> Work item
The required output holds only the lines from the one containing "hand drawn retro renew pattern" through the end of the material below, copied exactly, please, with no pictures.

> Information given

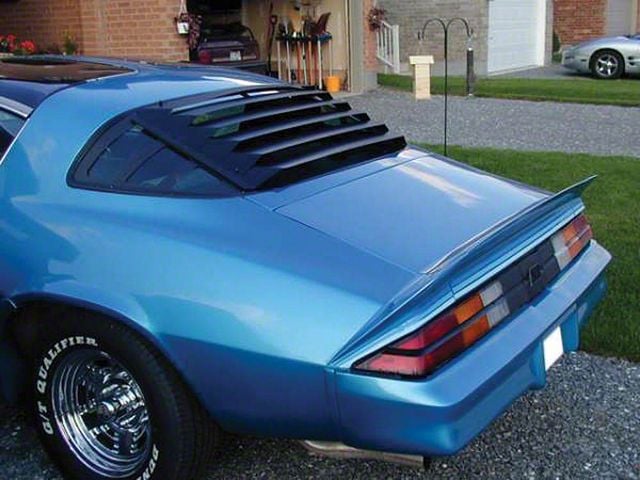 Camaro Louvers, Rear Window, Aluminum, 1975-1981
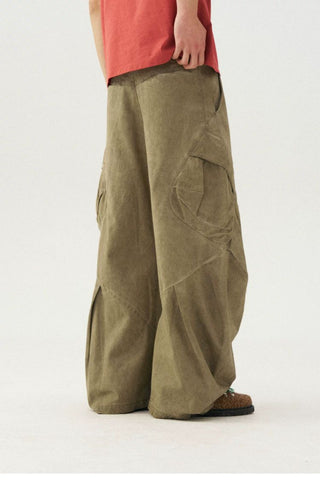[Monterest] Washed Cotton Pleated Wide Leg Pants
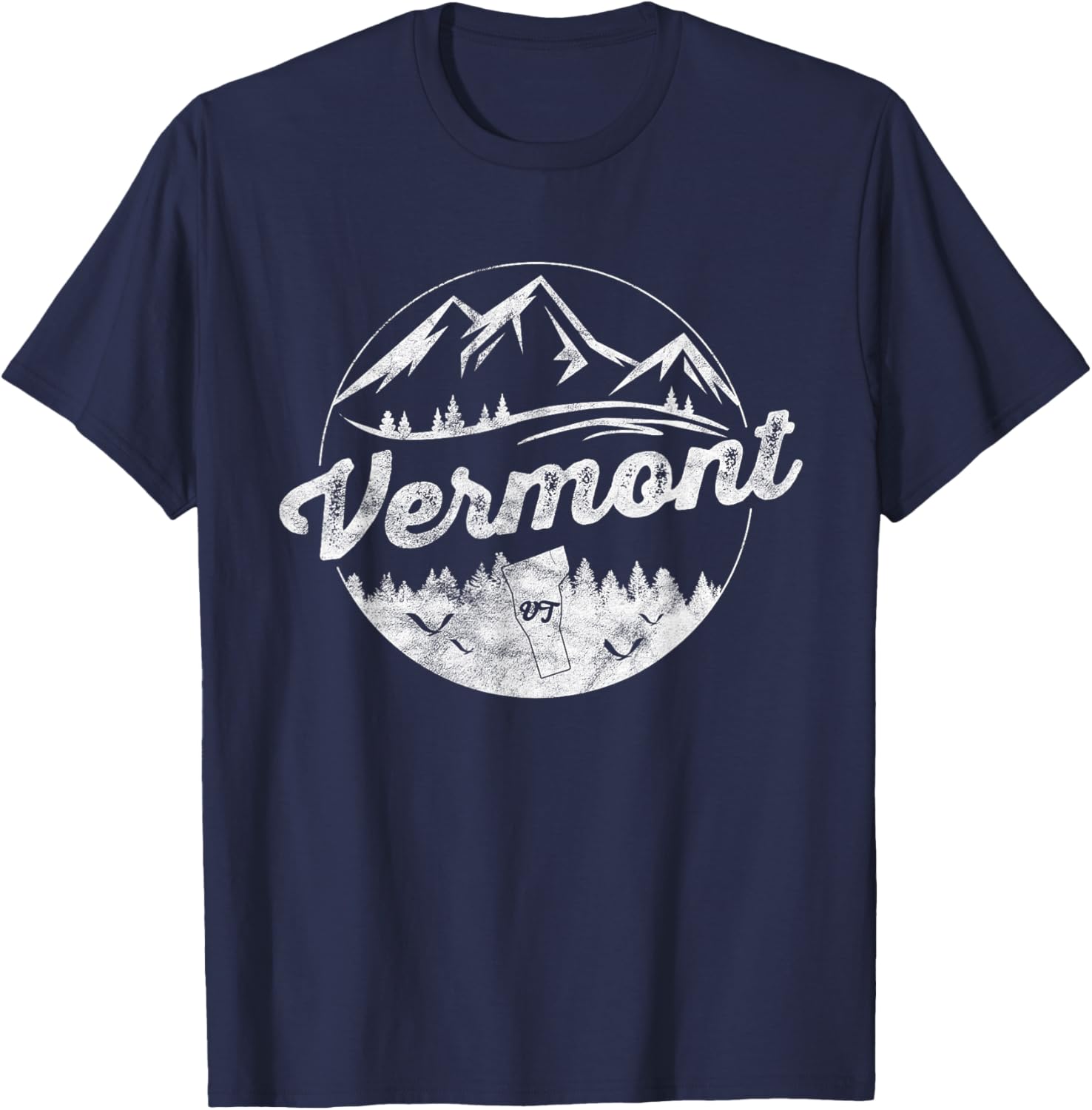 Vermont Emblem Vermont T-Shirt - T-Shirt | Navy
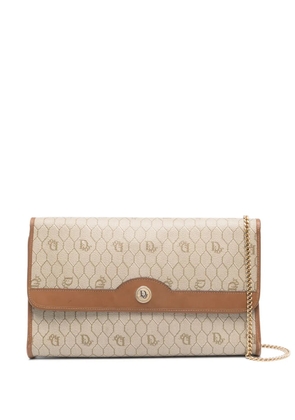 Christian Dior Pre-Owned 1980s Honeycomb shoulder bag - Neutrals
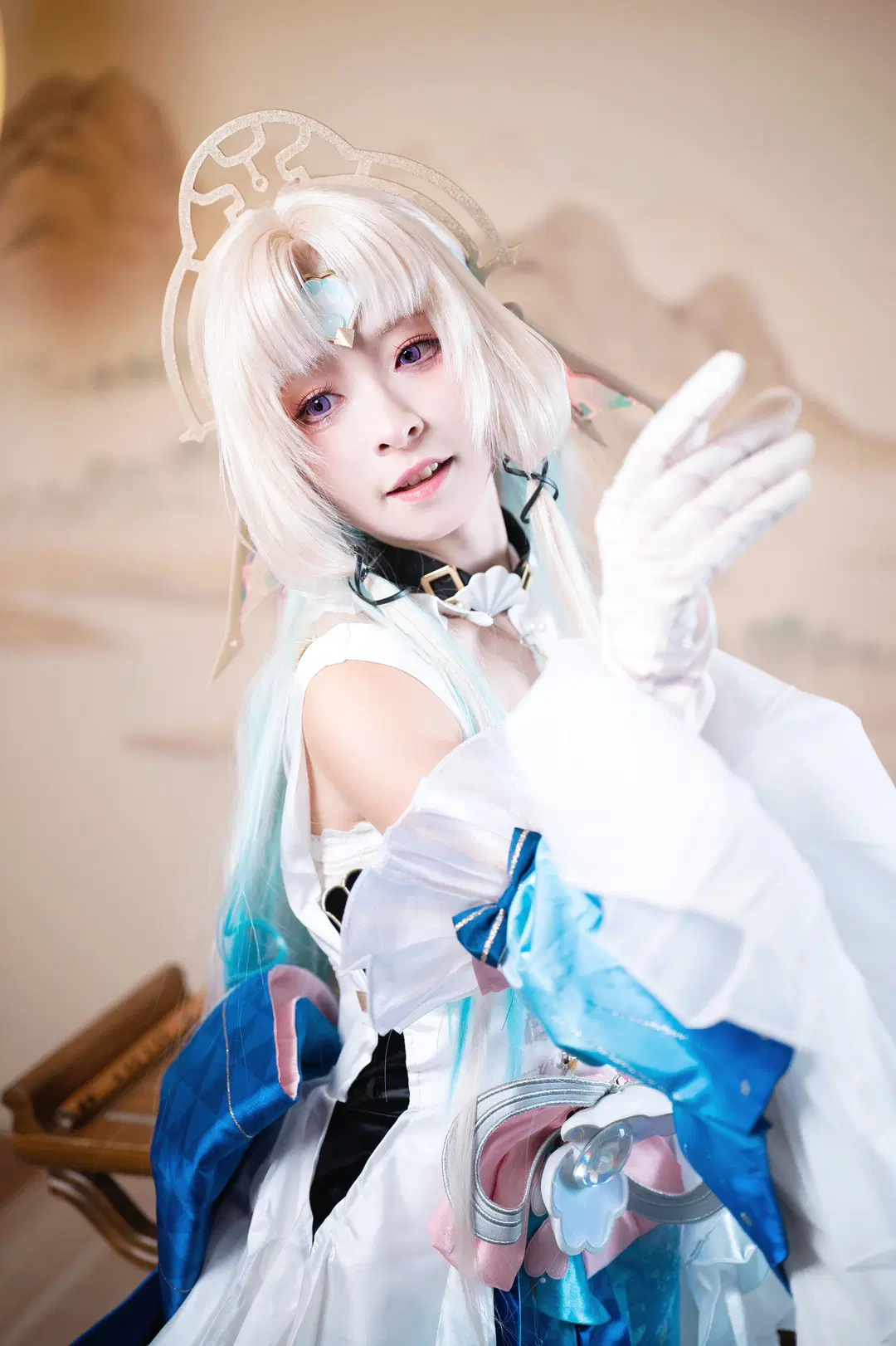 [Honkai: Star Rail Pearl cosplay] Grasping Chinese Classical Charm Through an Intellitron Form by 洛会像欧皇一样幸运 - Image 4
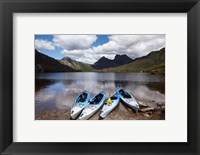 Kayaks, Cradle Mountain and Dove Lake, Western Tasmania, Australia Fine Art Print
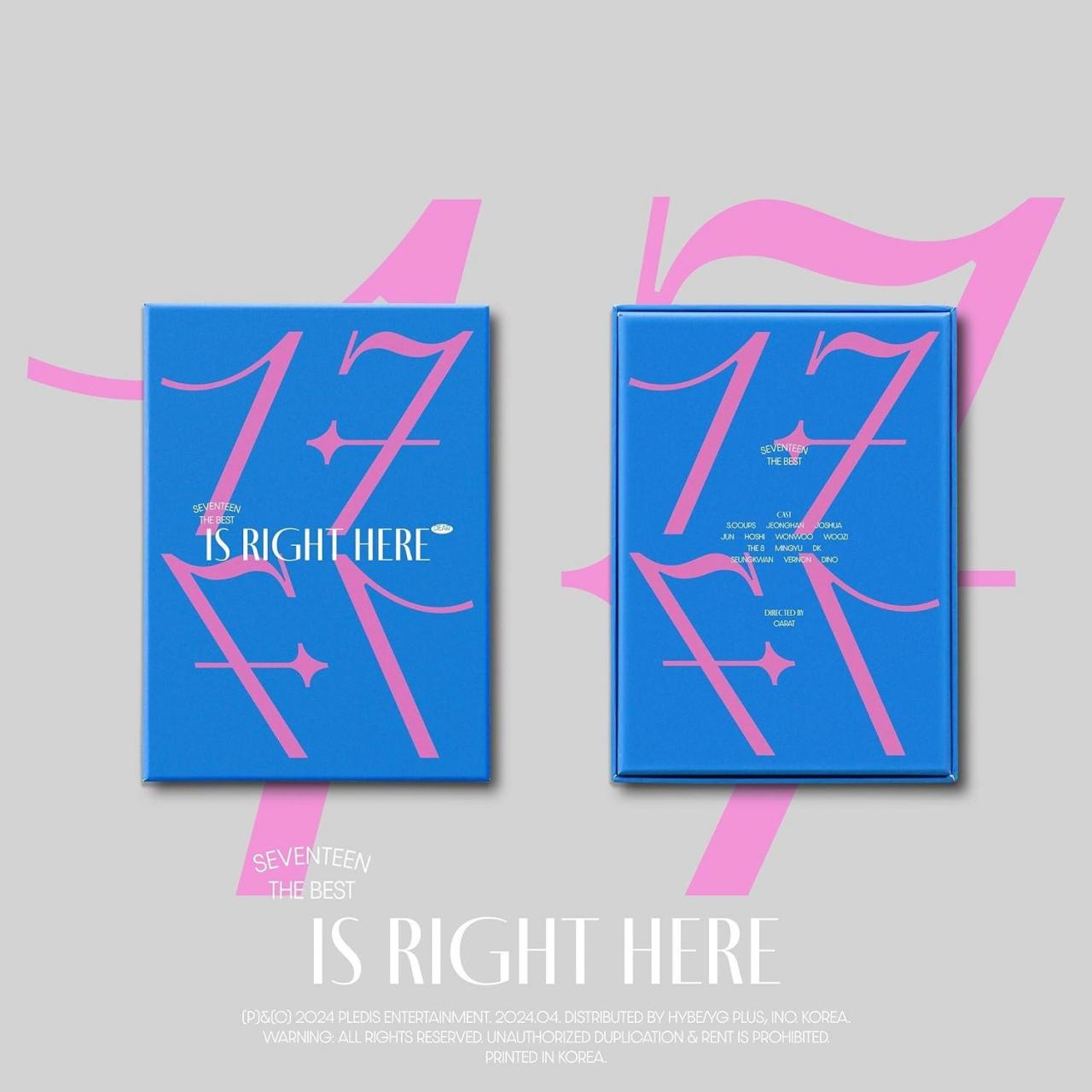 SEVENTEEN - BEST ALBUM - 17 IS RIGHT HERE - (DEAR VER.) | FUNtainment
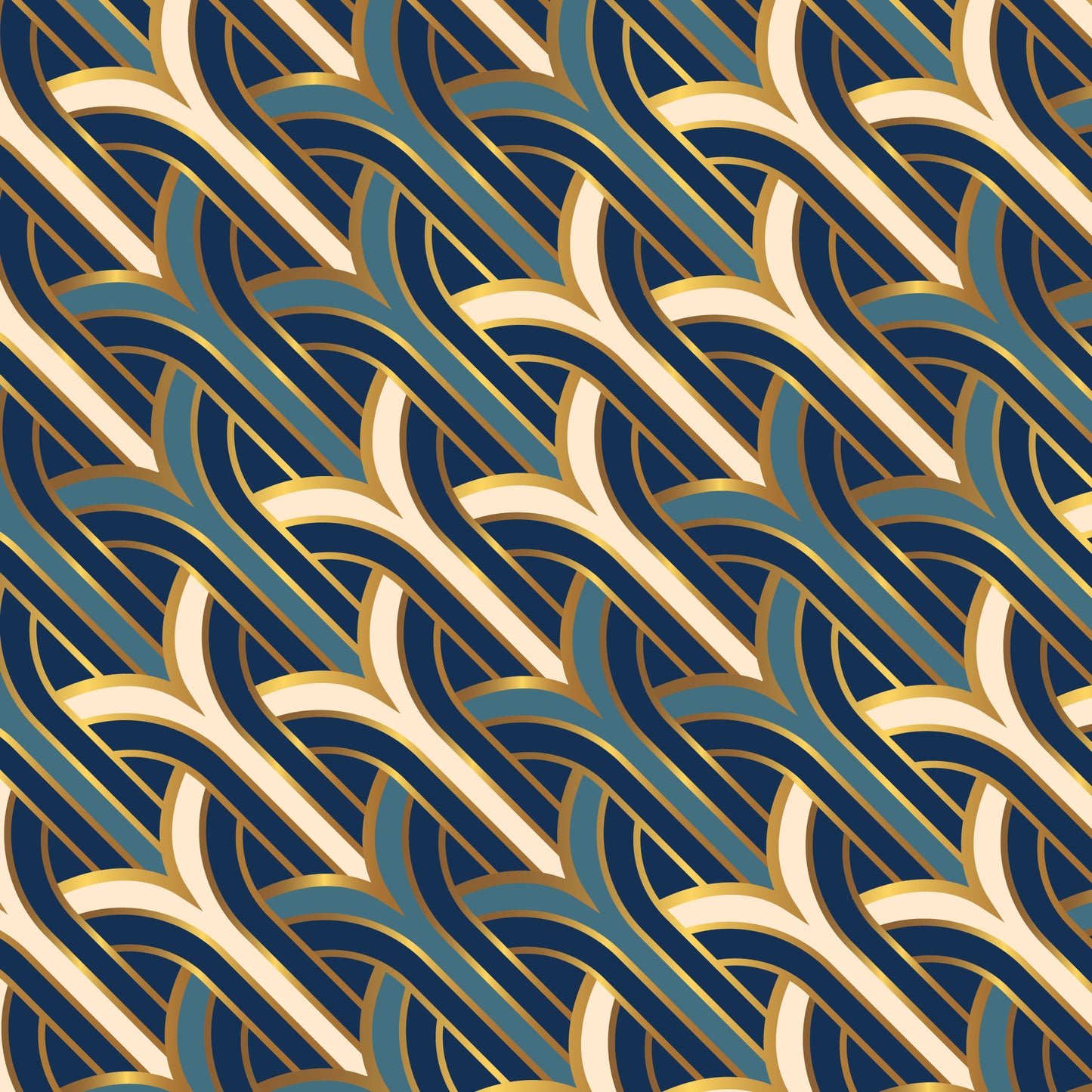 hand drawn retro renew pattern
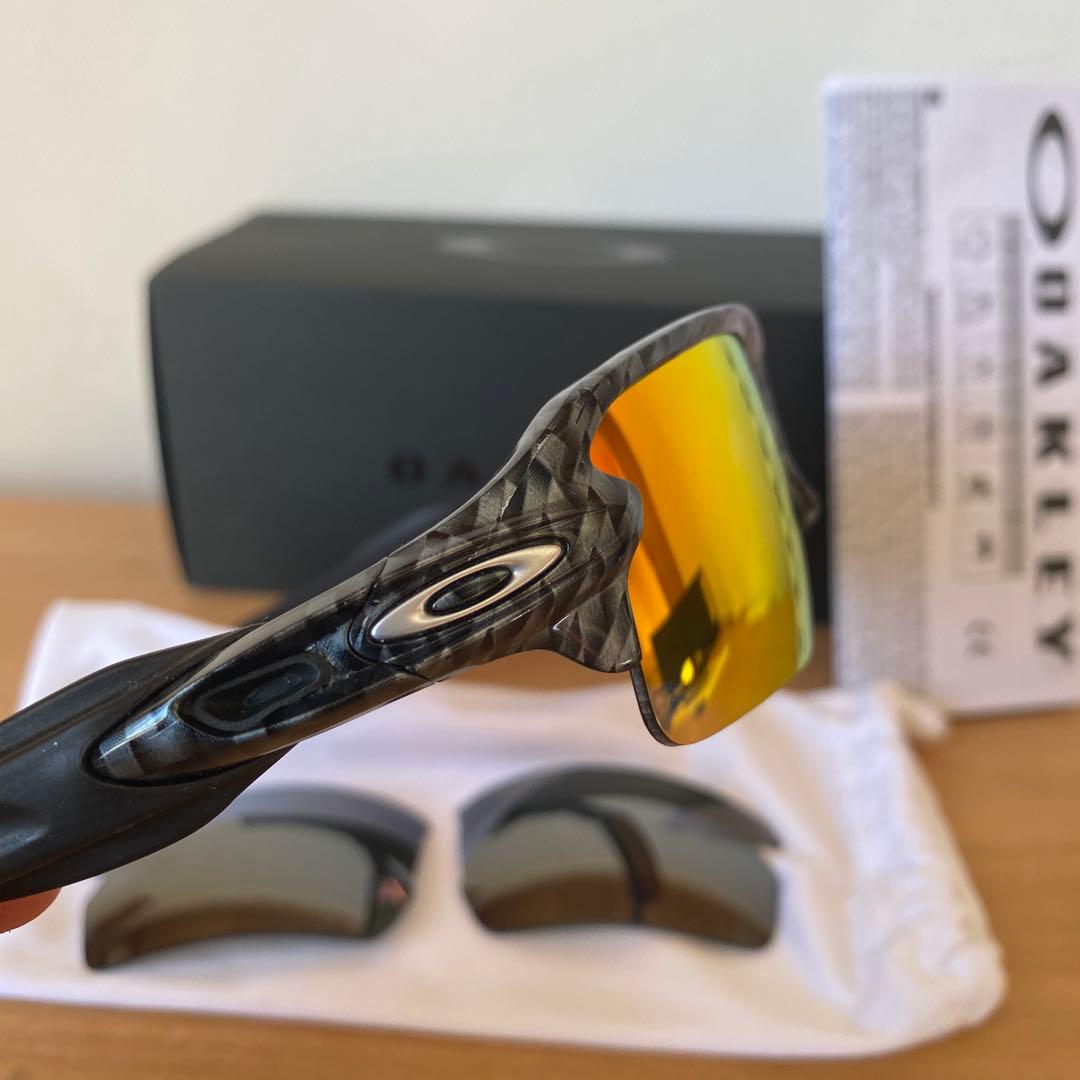 偏光　Oakley オークリー　FLAK 2.0 カーボンブラック　純正レンズ付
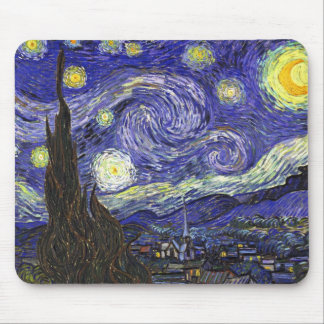 Mousepad Van Gogh Starry Night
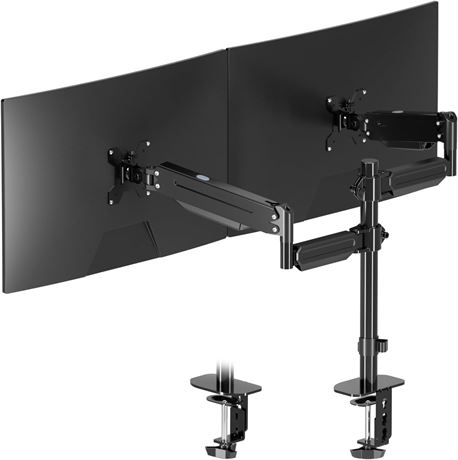 Pholiten Dual Monitor Stand Fully Adjustable 17-34 Inch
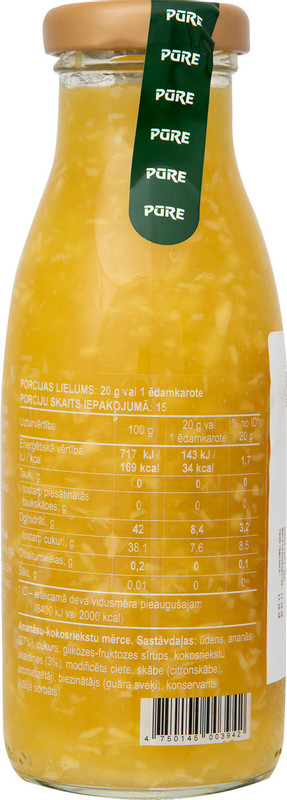 Соус Pure Пина-колада ананас-кокос, 295мл — фото 2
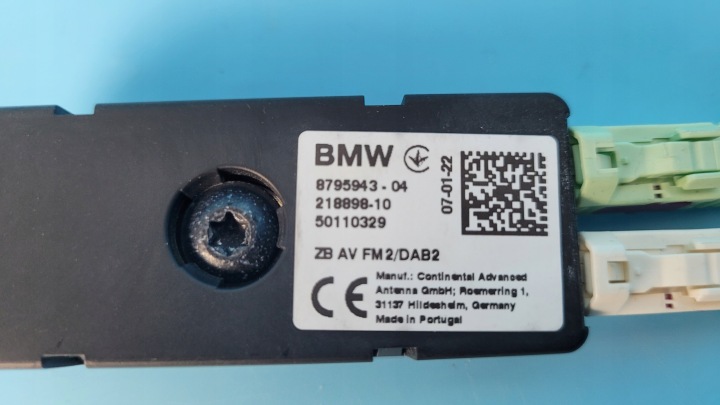 BMW 2' F44 GRAN COUPÉ 22R AMPLIFICATEUR D'ANTENNE 8795943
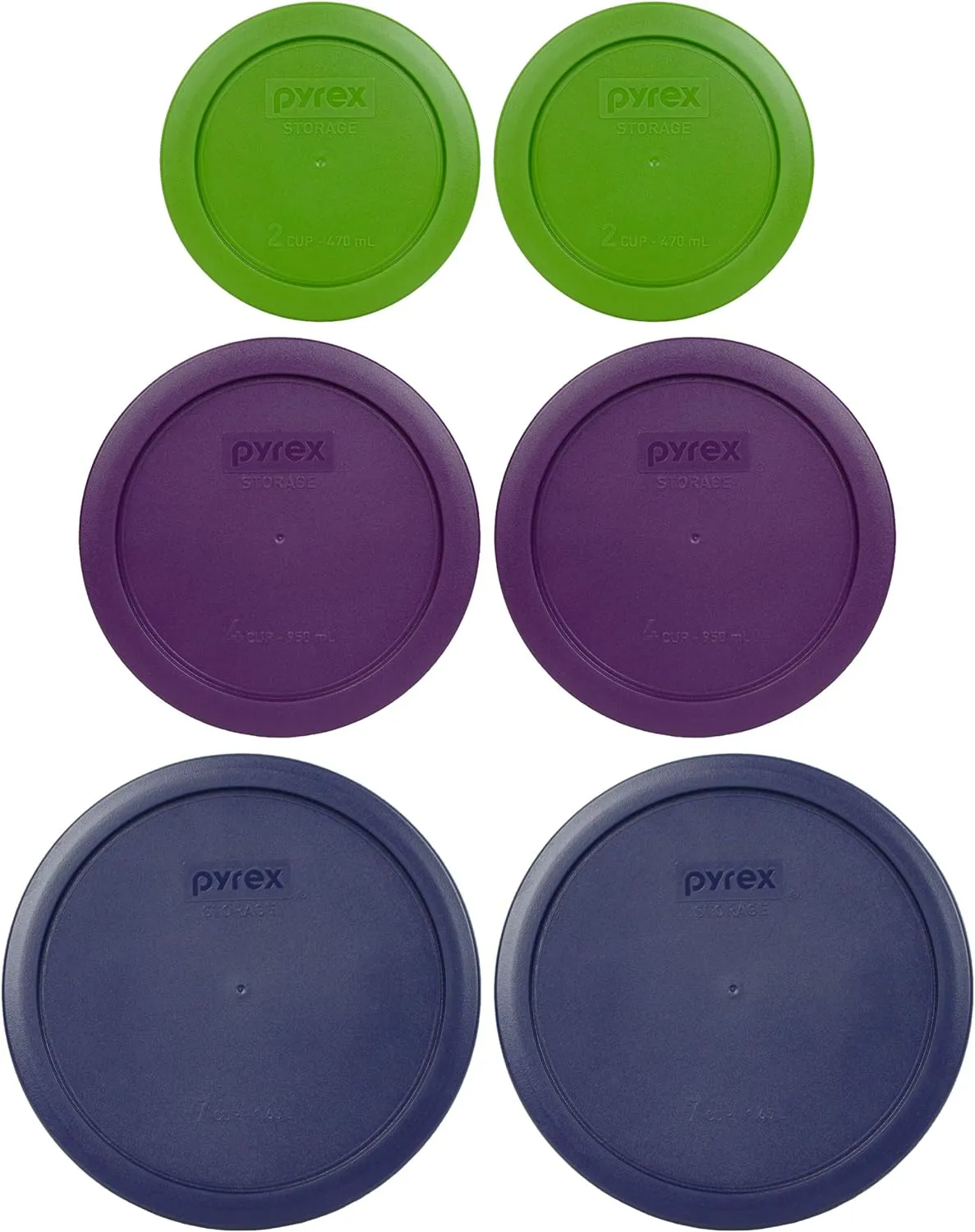 Pyrex Simply Store Replacement Lids for 6 Piece Storage Set - Lids only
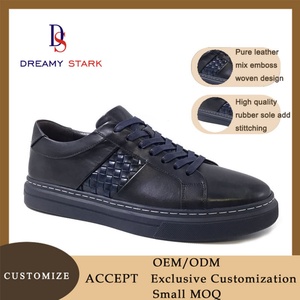 Chaussures de mariage pour hommes en cuir de vache véritable de haute qualité, embossées, tissées, avec logo personnalisé, faites à la main, à lacets, style mode - Product Image 5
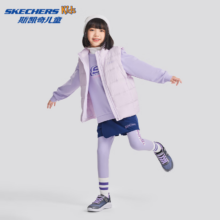 京东百亿补贴、PLUS会员：Skechers 斯凯奇 儿童轻薄三防羽绒马甲L424K080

> Response to this task
 hand drawn retro renew pattern
 偏光　Oakley オークリー　FLAK 2.0 カーボンブラック　純正レンズ付
 Mousepad Van Gogh Starry Night
 Pholiten Dual Monitor Stand Fully Adjustable 17-34 Inch
 Соус Pure Пина-колада ананас-кокос, 295мл — фото 2
 BMW 2' F44 GRAN COUPÉ 22R AMPLIFICATEUR D'ANTENNE 8795943
 Pyrex Simply Store Replacement Lids for 6 Piece Storage Set - Lids only
 Chaussures de mariage pour hommes en cuir de vache véritable de haute qualité, embossées, tissées, avec logo personnalisé, faites à la main, à lacets, style mode - Product Image 5
 京东百亿补贴、PLUS会员：Skechers 斯凯奇 儿童轻薄三防羽绒马甲L424K080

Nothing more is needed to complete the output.